PhD Candidate Wins Best Paper Award at IEEE CDC

 Wei Xiao Receives Outstanding Student Paper Award

By Maya Bhat, CISE Staff

PhD candidate Wei Xiao (SE) is the first author on a paper titled “Feasibility-Guided Learning for Constrained Optimal Control Problems.” The piece was published in Proceedings of 59th IEEE Conference on Decision and Control and earned the Outstanding Student Paper Award.

Over 1300 papers were presented at the conference, and 64 were nominated for the Outstanding Student Paper award. Xiao’s submission is one of four to be recognized for displaying “originality, clarity and potential impact on practical applications or theoretical foundations of control.”

Xiao co-authored the paper with his advisors: CISE faculty affiliates, Professors Christos Cassandras (SE, ECE, Division Head of Systems Engineering) and Calin Belta (ME, ECE, SE). The paper addresses a fundamental and challenging problem in control theory: stabilizing a dynamical system while optimizing a cost and satisfying constraints. “Typically, such problems include autonomous driving in traffic and robot safe exploration in unknown environments,” says Xiao.

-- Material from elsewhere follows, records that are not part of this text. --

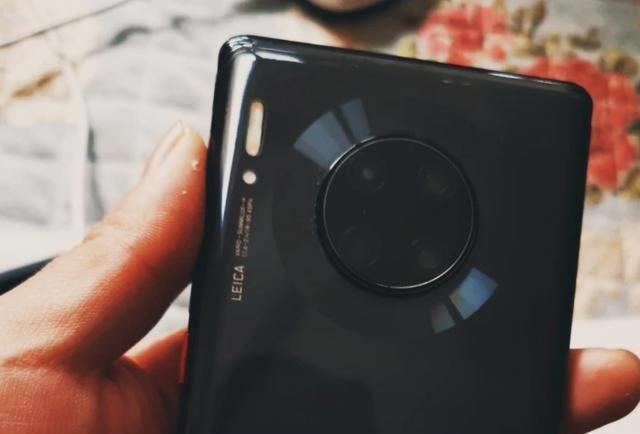 原创华为mate30 pro:抱歉,也该说再见了!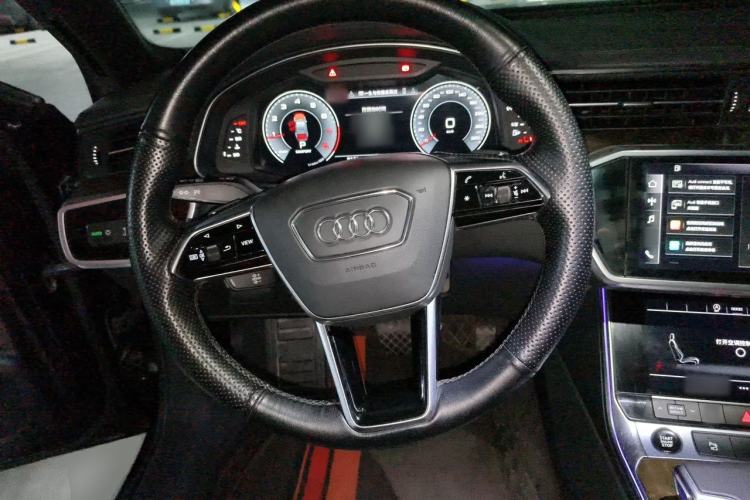 Used Audi A6L 2022 40 TFSI Luxury Dynamic Model Steering Wheel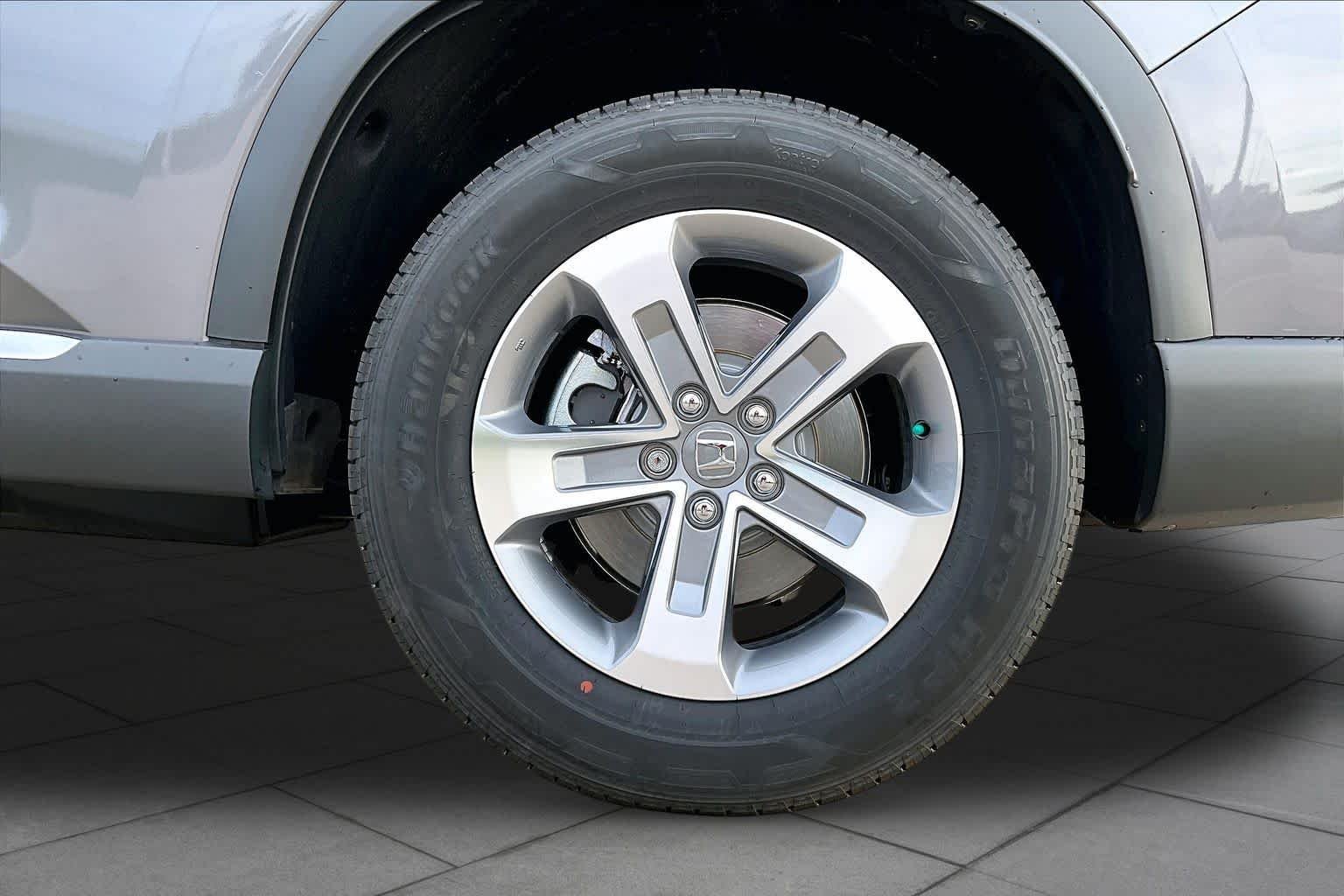 Certified Used 2025 GRAY Honda EX-L image 10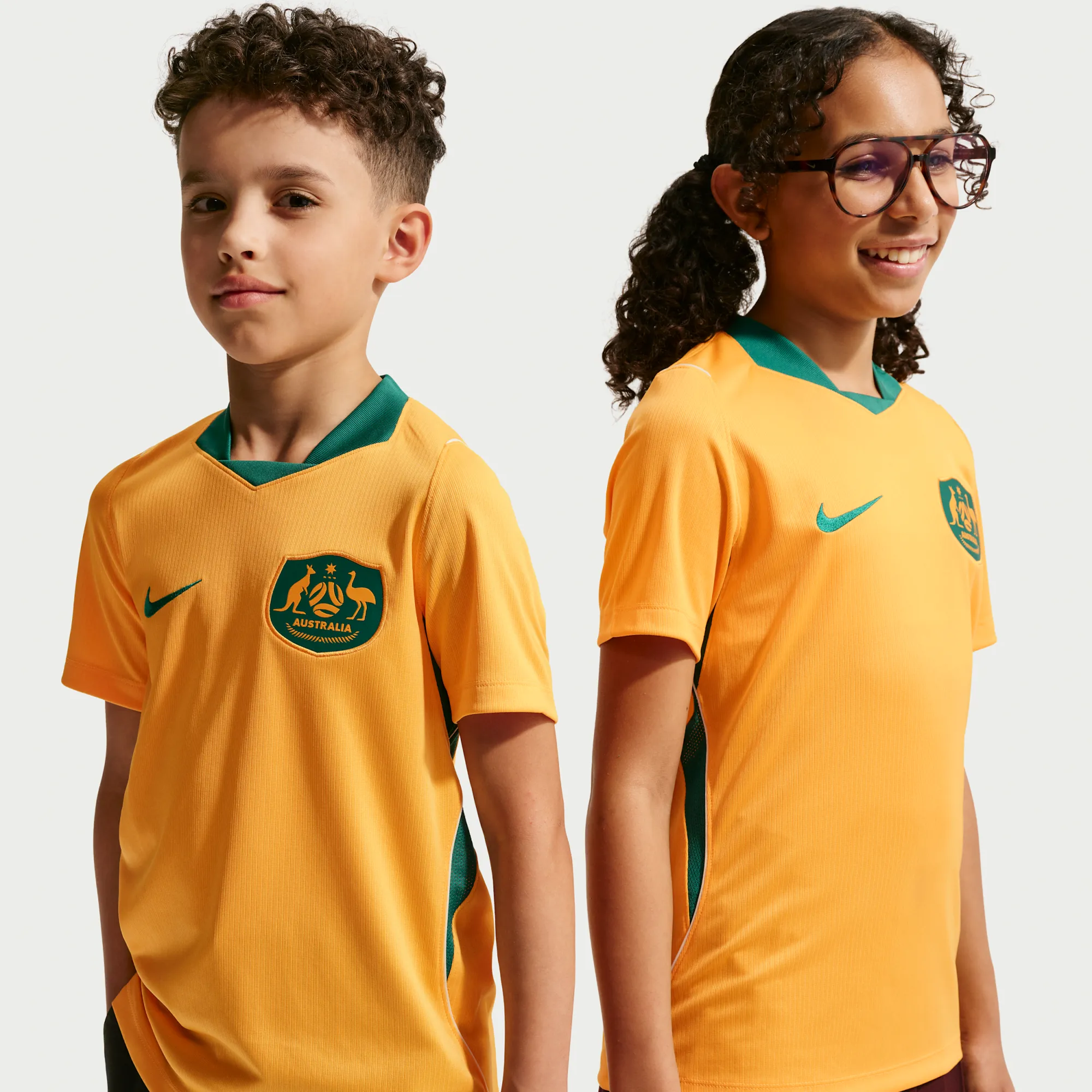 Australia 2026 Stadium Home Older Kids' Nike Dri-FIT Football Jersey - Brown - Polyester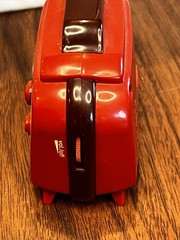 Mini Retro-Style AM/FM Auto-Scan Radio – Red & Yellow Vintage Look | Untested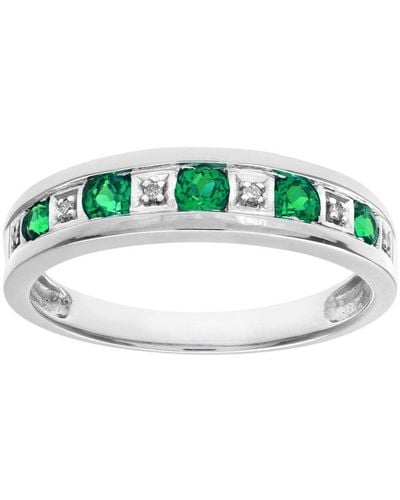 DIAMANT L'ÉTERNEL Ronde Briljante Smaragd En Diamanten 9ct Witgouden Eeuwigheidsring - Groen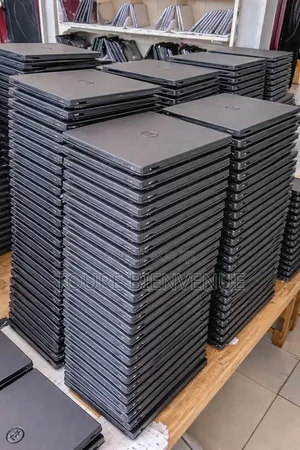 Nouveau Ordinateur de bureau HP 200 G4 16GB Intel Core i7 HDD 512GB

“When safety becomes critical, it is desired to prioritize the strict satisfaction of constraints over optimality.”

SE phd candidate Wei-Xiao
PhD candidate Wei Xiao (SE)

In the paper, the researchers adopt the control barrier function (CBF) method to improve the feasibility of optimal control problems with stringent safety constraints and tight control limitations in an unknown environment. Since control functions are often too conservative in their response to unknown aspects of the environment, the researchers apply machine learning techniques to improve the feasible regions that a system can access. With this approach, an appropriate and safe response to unpredictable obstructions is created. Xiao tested these methods on a robot for the purpose of the study, although his work could be applied to improving the ability of autonomous vehicles to navigate around obstacles, ensuring safety for passengers and surrounding individuals.

“This paper addresses a crucial dilemma in modern engineering: how to bridge the gap between control planning and powerful motion learning techniques?,” explains Professor Cassandras. “This paper is original in its approach to marrying classical control engineering with emerging machine learning techniques.”

Xiao is a fourth-year PhD student specializing in Connected Automated Vehicles (CAVs), Robotics, Lyapunov methods, Machine Learning, and Temporal Logic.